Baca berita tanpa iklan. Gabung Kompas.com+
Salin Artikel

Pembelajaran Daring dan Biaya Jadi Tantangan Pendidikan Tinggi Pascapandemi

KOMPAS.com - Pandemi global memberikan dampak luar biasa pada berbagai aspek kehidupan, tidak terkecuali pendidikan tinggi. Pembelajaran daring dan juga biaya pendidikan menjadi dua isu penting dalam memasuki masuk era normal baru di tahun ajaran mendatang.

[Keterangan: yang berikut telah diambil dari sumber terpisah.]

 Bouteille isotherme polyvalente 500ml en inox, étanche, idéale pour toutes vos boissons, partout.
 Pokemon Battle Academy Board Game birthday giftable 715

Tranformasi pembelajaran dan sinergi antarpendidikan tinggi diyakini dapat menjadi salah satu kunci perguruan tinggi untuk keluar dari krisis pandemi covid-19 dan masuk dalam era new normal pendidikan tinggi. 

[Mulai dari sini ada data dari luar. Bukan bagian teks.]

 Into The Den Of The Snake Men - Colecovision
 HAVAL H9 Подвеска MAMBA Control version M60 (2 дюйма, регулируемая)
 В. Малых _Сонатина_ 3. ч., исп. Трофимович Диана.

Kepada Kompas.com (11/6/2020), Rektor Universitas Terbuka (UT) Prof. Ojat Darojat menyampaikan, pandemi covid-19 memberikan pelajaran bahwa dalam penyelenggaran pendidikan tinggi fasilitas gedung bukan menjadi hal yang utama, melainkan kualitas pembelajaran itu sendiri.

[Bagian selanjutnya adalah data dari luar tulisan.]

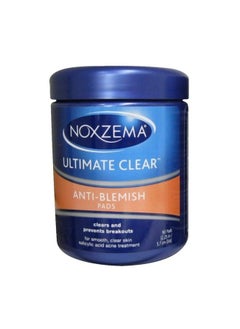 Noxzema Face Pads Anti Blemish 90 Ct (Pack Of 2) 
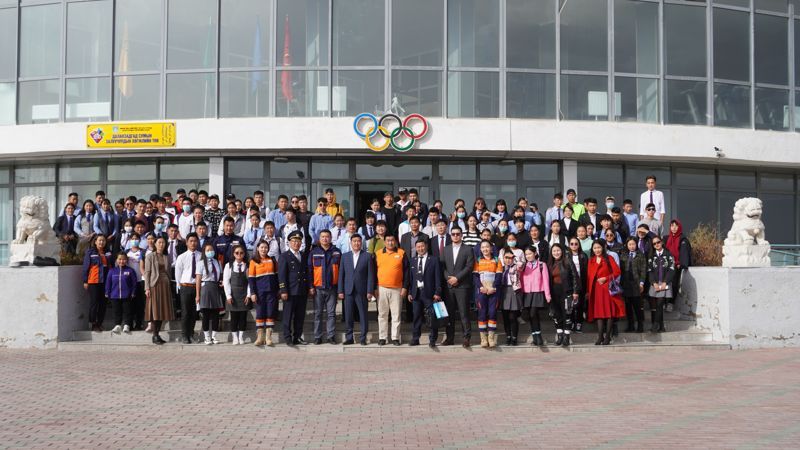 ТАВАНТОЛГОЙ-ГАШУУНСУХАЙТ ЧИГЛЭЛИЙН ТӨМӨР ЗАМЫН ИНЖЕНЕР, ТЕХНИКИЙН МЭРГЭЖИЛТЭН БЭЛТГЭХ ХӨТӨЛБӨРИЙГ ХЭРЭГЖҮҮЛЖ ЭХЭЛЛЭЭ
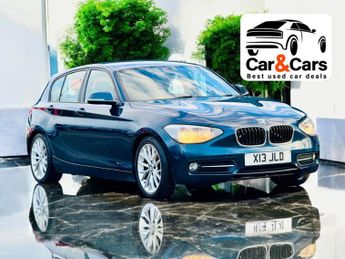 BMW 118 2.0 118d Sport Euro 5 (s/s) 5dr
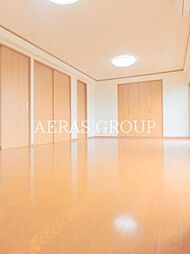 松戸長岡ハイツ 2階2DKのリビング/ダイニング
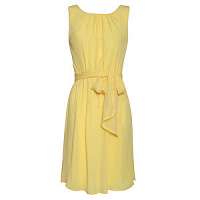 Smashed Lemon Dámske šaty Yellow 19158-150 XL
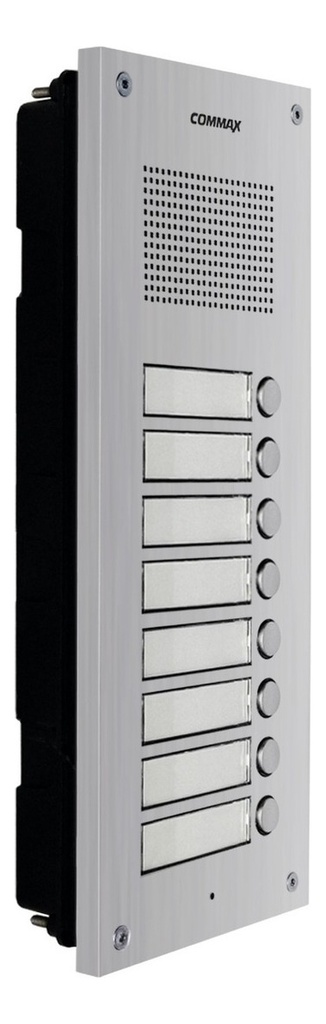 Kit Portero multifamiliar 8 botones Commax (KIT 8UM DR-8UM+8)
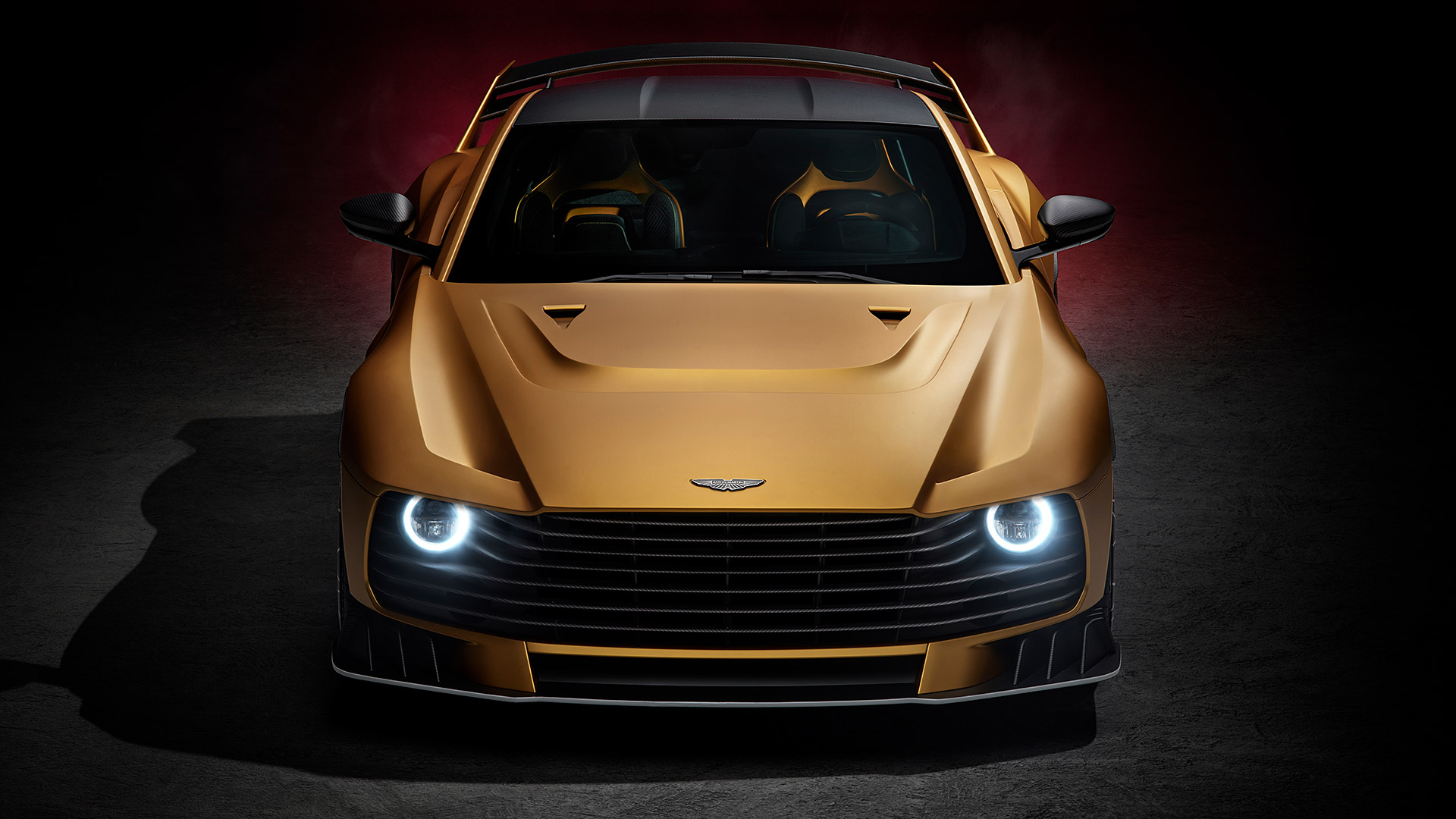  2025 Aston Martin Valiant Wallpaper.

Akses pendidikan tinggi untuk semua  

"Covid-19 memberikan pelajaran bahwa banyak masyarakat kesulitan melanjutkan pendidikan karena terbatas oleh biaya," ujar Prof. Ojat.

Ia menambahkan, sebenarnya akses pendidikan tinggi dapat diwujudkan dalam kondisi sulit ini karena pemerintah sudah menyediakan solusinya yakni  perguruan tinggi negeri yang ditugaskan pemerataan akses pendidkan, termasuk UT.

"UKT (uang kuliah tunggal) UT menjadi terjangkau karena memang karena dalam penyelenggaraan tidak membutuhkan gedung dan pembelajaran UT yang bertumpu pada online learning," ujarnya.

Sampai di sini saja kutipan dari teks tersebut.